Here is another question, and if it is against forum policy, please void it as I do not wish to offend.
I went to the diagrams of my model, found the parts I may need, and then priced them on the web. The service man is charging 4 times what the cost of the part is on appliancerepair.com Now, I am not complaining as he has skills that I do not have, and I have no objection to paying for knowledge and service, but is this a “normal” practice of billing?
I figured double the price for the part, and once more for the service, so and $80 part should cost me a $240 repair. I live in Florida, and is there a “standard” for billing, or is it whatever the market will bear?
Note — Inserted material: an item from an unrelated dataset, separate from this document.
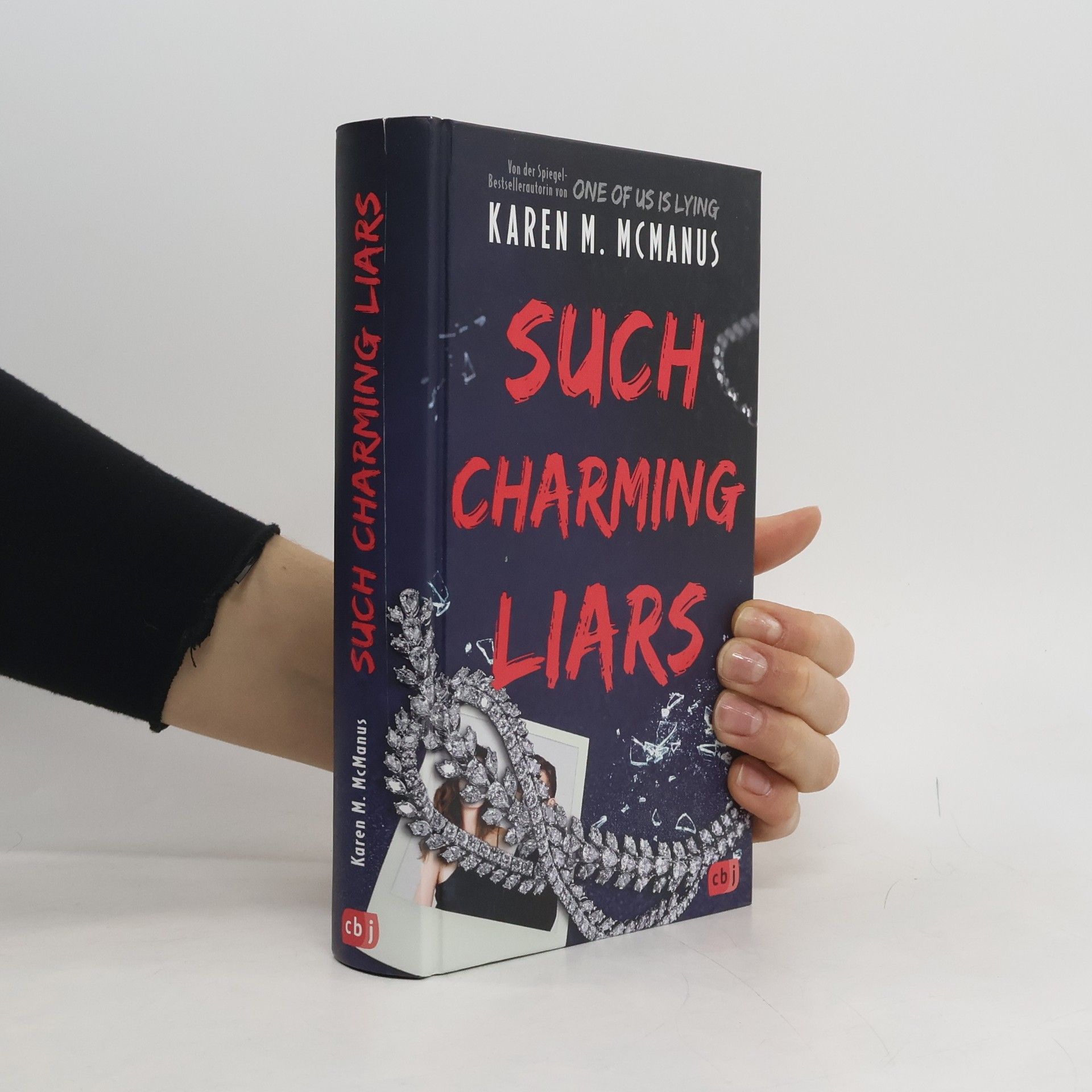 Karen M. McManus Such Charming Liars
That much of a markup is excessive. If you paid the bill I would call them back and ask for money back. Standard markup for semi-high priced parts is double the wholesale price. Also, the price you found IS a retail price already, so his charge is way over the industry standard, if one exists.
I mark up 4x wholesale on cheap parts as I want to get some decent price for my efforts.
When I sell like a fuse, or a $3 part, I will charge $10 or more, otherwise it is hardly worth my time to pull out of stock, allow for shipping and sell. On expensive parts, like an $80 part, I might just charge $110 if it is part of a service call.
As a rule, for me as a small business owner, when someone wants an expensive, special part, I give them a web site to order it, I just don’t want to get stuck with the part if they never show up.
I pride myself on full disclosure, so I show the client the shipping bill and tell him what I earned on the part.